IN THE minds of the Sussex batsmen, trying with increasing desperation to stretch their innings long enough to secure a draw, this benign old Horsham wicket was transformed into a spitting cobra yesterday afternoon.

Derbyshire encouraged the impression, clinging on to the old ball, turning Phillip DeFreitas into a spinner, asking Kim Barnett to turn his very occasional arm, crowding round the bat and shouting like Sunday morning footballers. The vast shape of the helmeted Adrian Rollins crouched at the batsmen's shoulder was threatening. The impression was increasingly accurate, and the surface at long last developed bare, uneven patches at both ends, but the game was also being played in the head.

For most of the morning it looked as if Sussex could survive. Their signing from Warwickshire, Wasim Khan - who seems a very shrewd purchase indeed - moved serenely to his fifth first-class century, the first for his new county. But he could not resist Barnett's sucker ball and Rollins, at this stage carefully positioned on the midwicket boundary, caught the hoick with ease.

Michael Bevan also eased himself to the three-figure mark, and it was now his job to bat on and on, nursing Sussex beyond tea and towards safety.
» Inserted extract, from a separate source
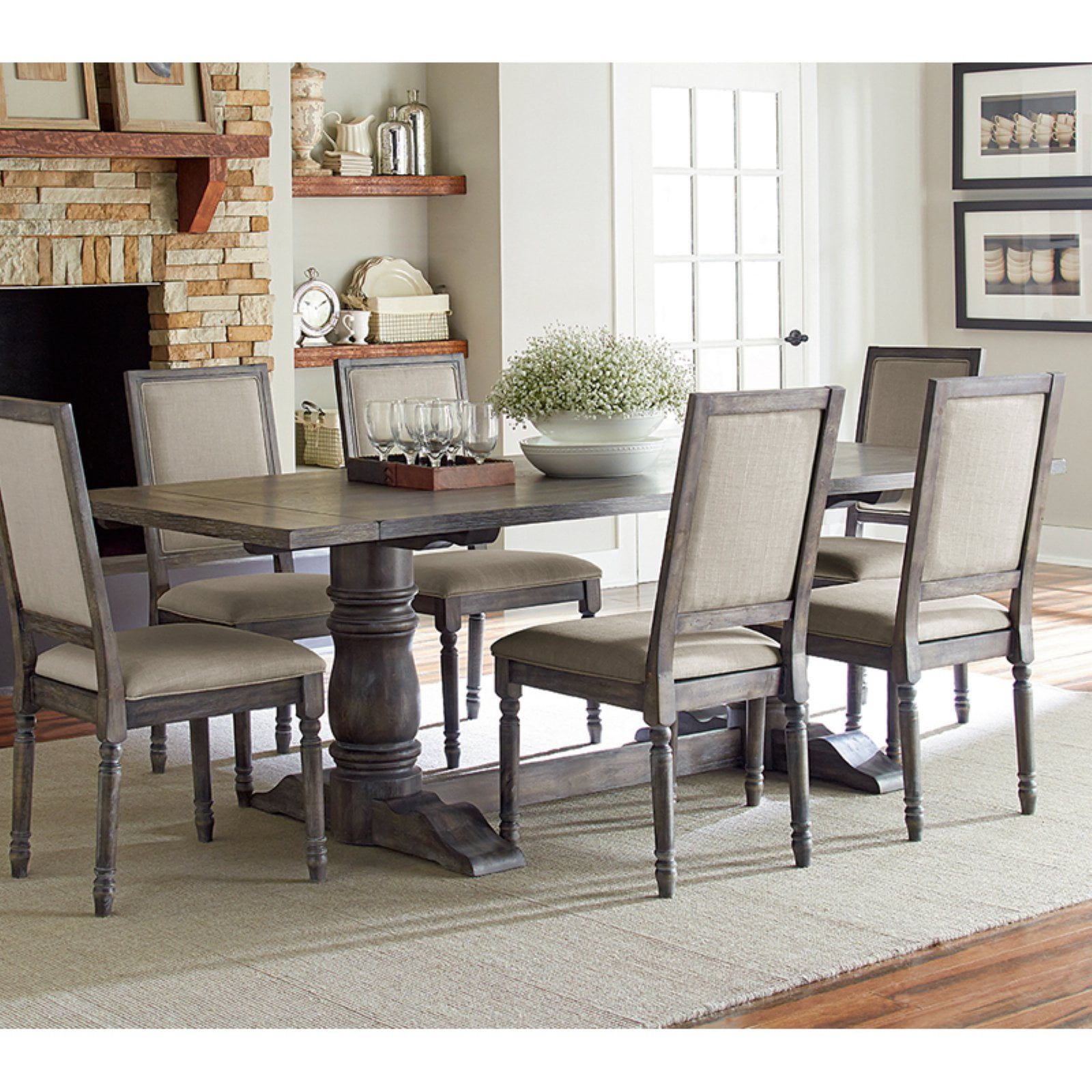 Weathered Pepper Gray Rectangular Wood Dining Table for Six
Instead, he danced at the spinner Simon Lacey once too often, played around what could have been the first significantly turning ball of the game and departed.

This, indeed, was the turning point in both senses. Paul Jarvis, the most experienced campaigner in the Sussex bottom half, preferred power to prudence, and having clubbed one six perished trying another.

After Bevan the last six Sussex wickets were surrendered for 49 runs, mainly to the vultures around the bat. The left-armer Ian Blackwell took the last three, and a pitch that for three days had been a spinners' graveyard had indeed changed, rewarding the twirly men eight times in succession. Derbyshire needed 107 to win and no matter how much Sussex loitered, the ration of overs would not be a problem.

Even when facing defeat, there is pride to be gained from making the life of one's opponents as difficult as possible. Bevan and Amer Khan were soon exploiting those scars on the wicket and though Rollins and Michael Slater had given Derby a breezy start, there were then three consolation wickets for Sussex before the inevitable Derbyshire victory.